Fig. 1: Testing the role of optic flow in distance estimation: training and testing set-up. | Communications Biology

Fig. 1: Testing the role of optic flow in distance estimation: training and testing set-up.

From: Visual odometry of Rhinecanthus aculeatus depends on the visual density of the environment

Fig. 1

a Training—the fish was trained to swim 0.8 m to an overhead infrared proximity sensor (IR Detector) which when the fish passed beneath it, detected a voltage change and via the Arduino computer caused the aquarium lights to switch on, signalling to the fish to return to the start area for a food reward.

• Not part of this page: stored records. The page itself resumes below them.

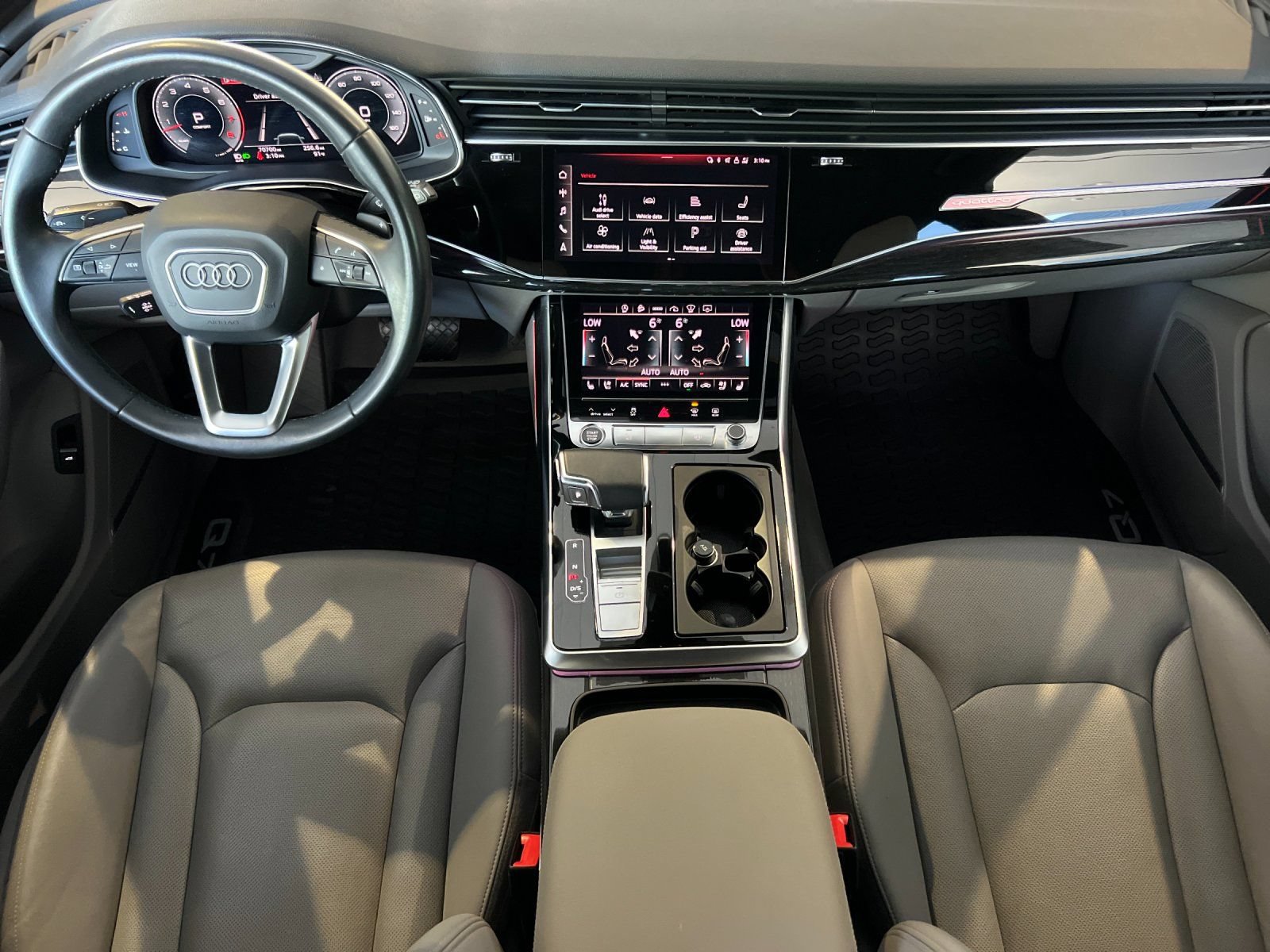 Used 2021 Audi Q7 3.0T Prestige w/ Prestige Package AWD/4WD image 7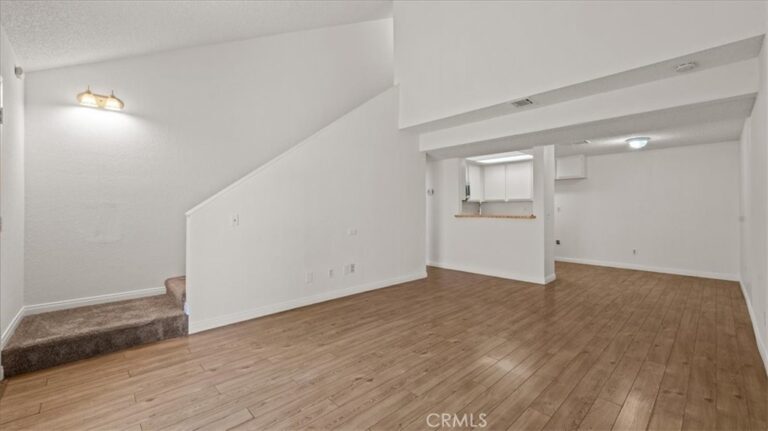 435 W 9th #B1, Upland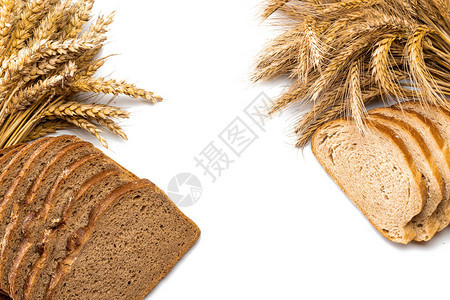 切面包新鲜的乡村传统面包与小麦谷物或穗状植物隔离在白色背景黑麦面包店有硬皮面包和面包屑生物成分图片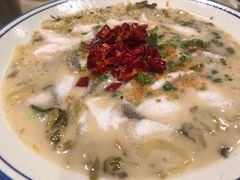 醒胃酸菜鱼-香江中餐厅·招牌鱼生·老广味道(长隆香江酒店)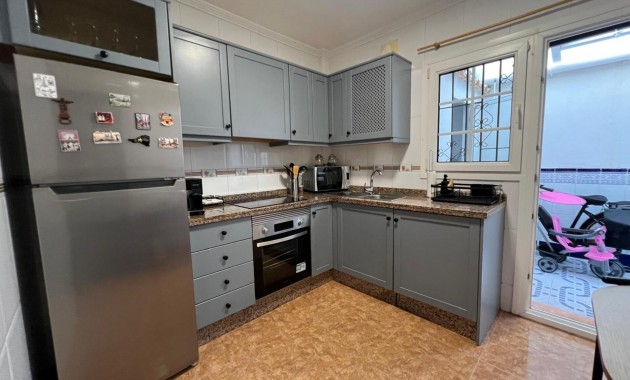 Venta - Villa -
Torrevieja - Los Frutales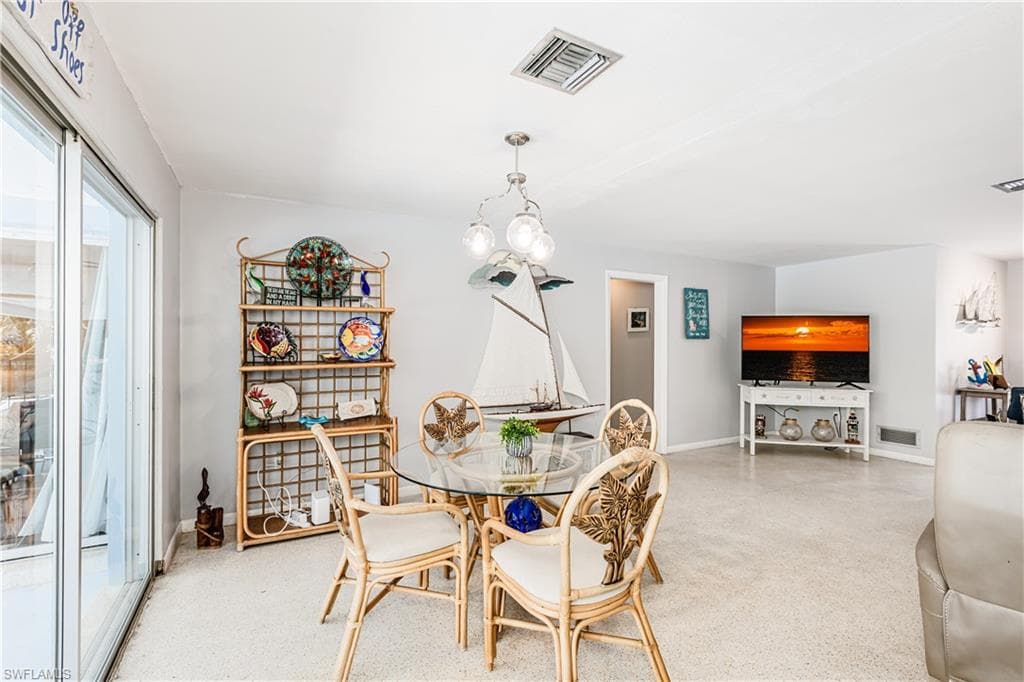 211 Flamingo Cir, Marco Island, FL 34145-5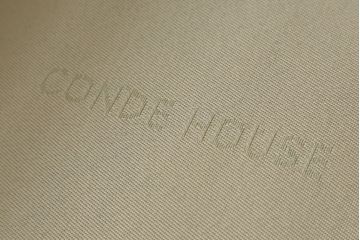 中古　美品　旭川家具　CONDE HOUSE(カンディハウス)　川上元美デザイン　クォード　ウォールナット　落ち着いた雰囲気が素敵な1Pソファ(椅子、イス、アームチェア、一人掛け、1人掛けソファ)(現行定価約66万円)(R-082905)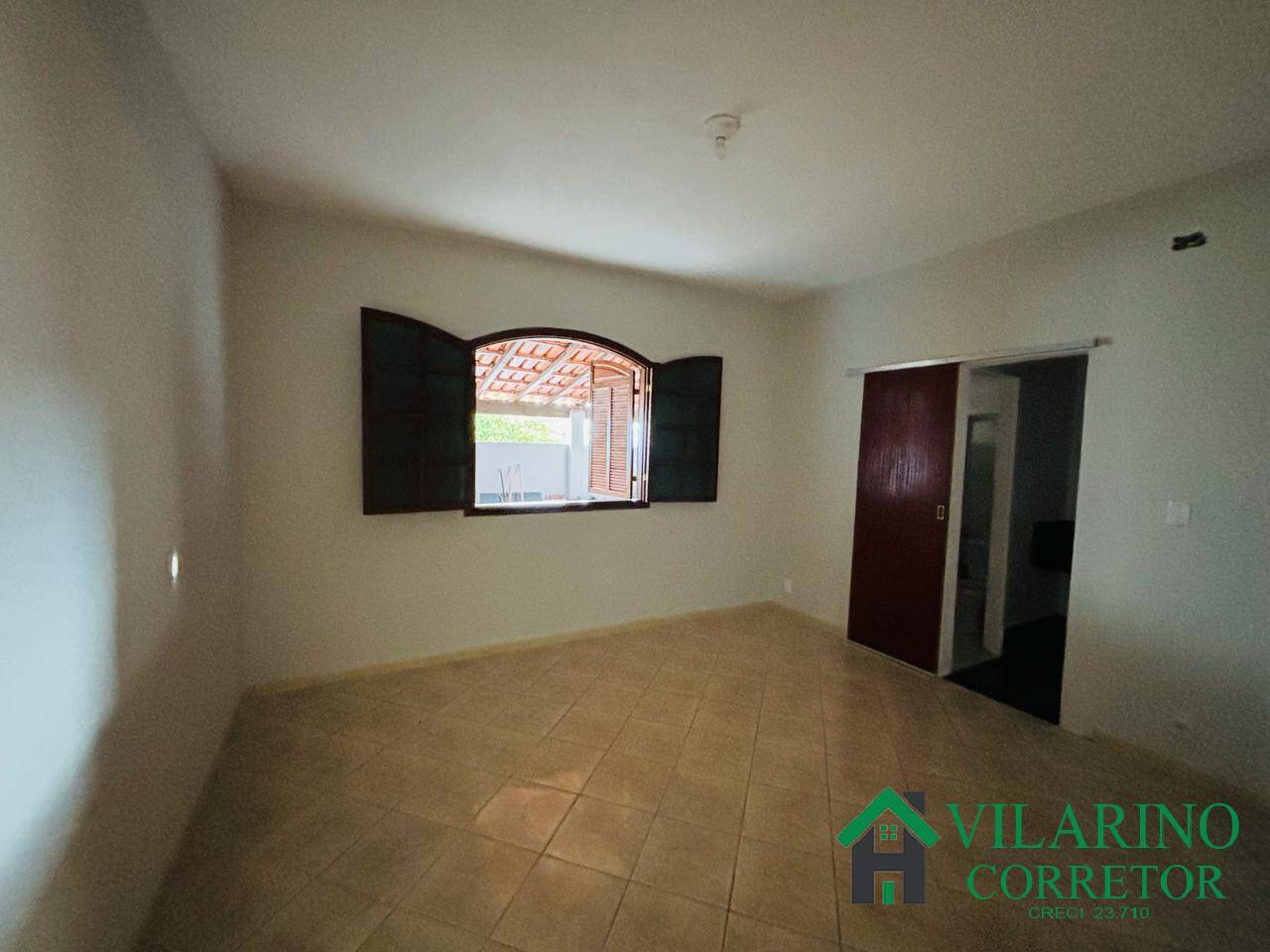 Casa à venda com 3 quartos, 140m² - Foto 3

Training was conducted with the tunnel walls and floor patterned with alternating 0.02-m-wide black and white vertical stripes (set-up 1). b Testing—during testing trials, the infrared proximity sensor controlling the overhead lights was removed. The fish was therefore unable to cause the lights to turn on during testing trials. This was to test whether the fish had learned the correct distance, or to swim to the infrared detector landmark to encounter the light stimulus. The fish was tested with four different background combinations: (1) 0.02 m vertical stripes; (2) 0.01 m vertical stripes; (3) 0.02 m wide checkerboard pattern; (4) horizontal stripes of width 0.02 m.